All modern coordinates use the WGS84datum (World Geodetic System 1984), a mathematical model of Earth's shape defined by the US Department of Defense. GPS satellites, Google Maps, OpenStreetMap, Apple Maps, and this tool all use WGS84 — so coordinates from any of these sources are directly compatible.
Decimal precision reference
Each additional decimal place gives 10× more precision. How many you need depends entirely on what you are doing.

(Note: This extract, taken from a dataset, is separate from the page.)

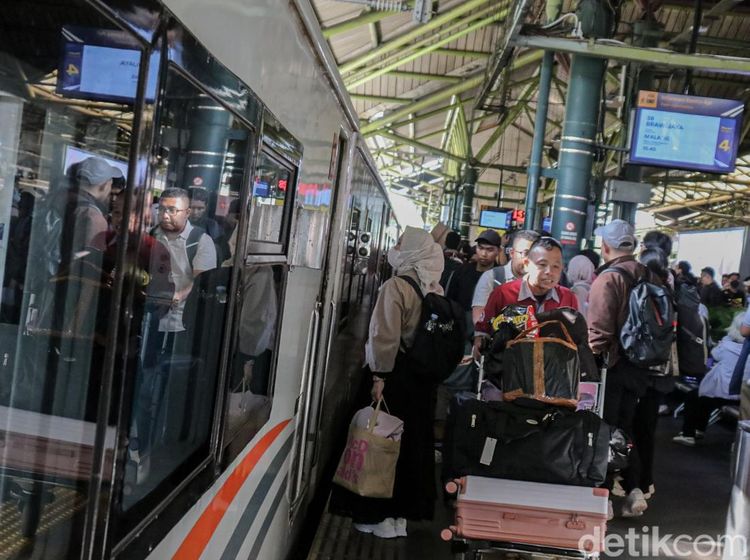 Arus Balik Padati Gambir, Belasan Ribu Pemudik Tiba di Jakarta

| Decimal places | Approx. precision | Typical use case |
|---|---|---|
| 1 decimal | ~11.1 km | City / large region |
| 2 decimals | ~1.1 km | Neighborhood / town |
| 3 decimals | ~111 m | Street block |
| 4 decimals | ~11.1 m | Individual building |
| 5 decimals | ~1.1 m | Tree, bench, survey marker |
| 6 decimals | ~0.11 m | Surveying-grade detail |
This tool reports 5 decimal places (~1.1 m) by default. Consumer GPS typically delivers 5–10 meter accuracy outdoors, so 5 decimals is the practical limit for most users.
How this tool compares
| Feature | SimpleMapLab (this tool) | Google Maps | GPS Visualizer |
|---|---|---|---|
| Free | Yes | Yes | Yes |
| No sign-up | No | No | No |
| Multi-point | Yes | No | Yes |
| Reverse geocode | Yes | Partial | No |
| Coord formats | DD, DMS, DMM | DD only | DD, DMS |
| CSV export | Yes | No | Yes |
| Map click | Yes | Right-click | No |
| Address lookup | Yes | Yes | No |
Glossary
- Latitude
- The angle north or south of the equator, from –90° (South Pole) to +90° (North Pole). Lines of constant latitude are called parallels.
- Longitude
- The angle east or west of the prime meridian (Greenwich, England), from –180° to +180°. Lines of constant longitude are called meridians and converge at the poles.
- WGS84
- World Geodetic System 1984 — the global standard datum for GPS and modern mapping. All coordinates in this tool use WGS84.
- Decimal degrees (DD)
- Coordinates as a single decimal number per axis: 48.8584, 2.2945. The dominant format in digital mapping and web APIs.
- DMS
- Degrees-Minutes-Seconds: 48°51'30.2"N, 2°17'40.2"E. Traditional format used in nautical charts, surveying, and military maps.
- DMM
- Decimal Minutes: 48°51.5034'N, 2°17.6700'E. A hybrid used in aviation, marine charts, and geocaching.
- Reverse geocoding
- Converting a latitude/longitude coordinate into a human-readable address. This tool uses Nominatim (OpenStreetMap) for reverse geocoding.
- Geoid
- The shape of the ocean surface extended under the continents by gravity. WGS84 uses an ellipsoid that closely approximates the geoid.
- Datum
- A reference model of Earth’s shape and size used to compute coordinates. Different datums give slightly different coordinates for the same physical point.
- Map projection
- A method of flattening the curved Earth onto a 2D surface. The web map here uses Web Mercator (EPSG:3857) for display, but all data is stored in WGS84 (EPSG:4326).
Data sources & methodology
- Basemap tiles: OpenFreeMap (free, open-source, no API key), rendered with MapLibre GL JS.
- Reverse geocoding: Nominatim (OpenStreetMap), returning structured address data worldwide.
- Coordinate datum: WGS84 (EPSG:4326), the global standard for GPS and web mapping.
- Map projection (display): Web Mercator (EPSG:3857), used by all major web maps. Data stored as WGS84.
- Distance calculations: Haversine formula on the WGS84 ellipsoid (<0.5% error for distances under 500 km).